- Official poster
- Based on: My Boyfriends' Dogs by Dandi Daley Mackall
- Written by: Jon Maas; Gary Goldstein;
- Directed by: Terry Ingram
- Starring: Erika Christensen; Teryl Rothery; Jeremy Guilbaut; Emily Holmes; Joyce DeWitt; Michael Kopsa;
- Music by: Michael Richard Plowman
- Country of origin: United States
- Original language: English

Production
- Producer: Christian Bruyère
- Editor: Tony Dean Smith
- Running time: 84 minutes
- Production companies: Gross-Weston Productions; Howard Braunstein Films;

Original release
- Network: Hallmark Channel
- Release: October 18, 2014

= My Boyfriends' Dogs =

My Boyfriends' Dogs is a 2014 American made-for-television comedy film directed by Terry Ingram, written by Jon Maas and Gary Goldstein, and based on the Dandi Daley Mackall novel of the same name. The film stars Erika Christensen as Bailey Daley, with Teryl Rothery, Emily Holmes, Jeremy Guilbaut, Joyce DeWitt, and Michael Kopsa. It was broadcast on the Hallmark Channel in the United States on October 18, 2014.

==Plot==
The owners of a small diner are surprised at closing time when a woman (Christensen) in a wedding dress arrives with 3 dogs and begs to come into the restaurant. What follows is her retelling of how she arrived at this junction in her life and how, through the search for the right man, she ended up as a runaway bride with three dogs.

==Summary==
Bailey (Erika Christensen) meets Wade (Jesse Hutch), who has a dog named Adam, a golden retriever. She also meets Cole (Tyron Leitso), who owns Cole's Pet Stop. She meets Jonathan (Oliver Rice) at an art gallery; he has a dog named Eve, a dalmatian.

Bailey and Amber (Emily Holmes) meet Eric (Jeremy Guilbaut) at yoga class. Eric teaches Bailey how to golf. Eric's mother picks a dog called "Shih-Tzu". Bailey named Eric's dog Shirley after her sister. Bailey now has three dogs of her own.

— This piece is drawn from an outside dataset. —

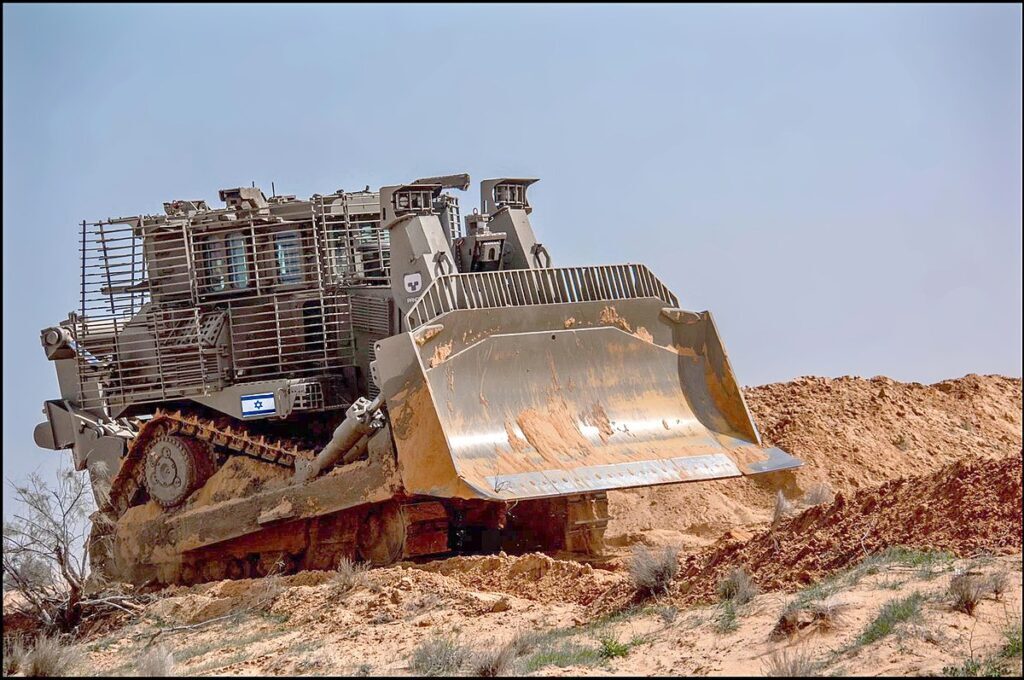 D۹R ملقب به «تدی خرسه»؛ مقاوم‌ترین بولدوزر زرهی جهان در خط مقدم نبرد اسرائیل و حماس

Eric and Bailey get married but Bailey decides to run away with her dogs. She can't find the right guy for her. Nikki tells Bailey her stories: she works at a restaurant waiting for her prince charming walking through the door. Cole is sitting with a book every night.

==Cast==
- Erika Christensen as Bailey Daley
- Teryl Rothery as Dina
- Jeremy Guilbaut as Eric
- Emily Holmes as Amber
- Joyce DeWitt as Nikki
- Michael Kopsa as Louie
- Jesse Hutch as Wade
- Tyron Leitso as Cole
- Oliver Rice as Jonathan
- Jeb Beach as Travis
- Malcolm Stewart as Martin Strang
- Linda Sorenson as Grandma Strang
- P. Lynn Johnson as Eleanor Strang
- Samuel Patrick Chu as Evan
- Louriza Tronco as Tessa

==Reception==
The film received mixed reviews from television critics. David Hinckley of New York Daily News wrote: "You wouldn't think a Hallmark movie that stars a plucky, winsome blond and several lovable dogs could miss. My Boyfriends' Dogs almost does. It's got too much of the right stuff to be a complete mutt, but most Hallmark movies are better written and crafted than this one." Nancy Dunham of The Washington Times gave a mixed review, writing: "Erika Christensen brings a sense of realism to the role, even when some dialogue seems a bit preachy and scenes might stretch credibility a tad far... Like Walt Disney films, My Boyfriends' Dogs isn't going to make a huge impact on art, but it might show the best way to be true to one's heart."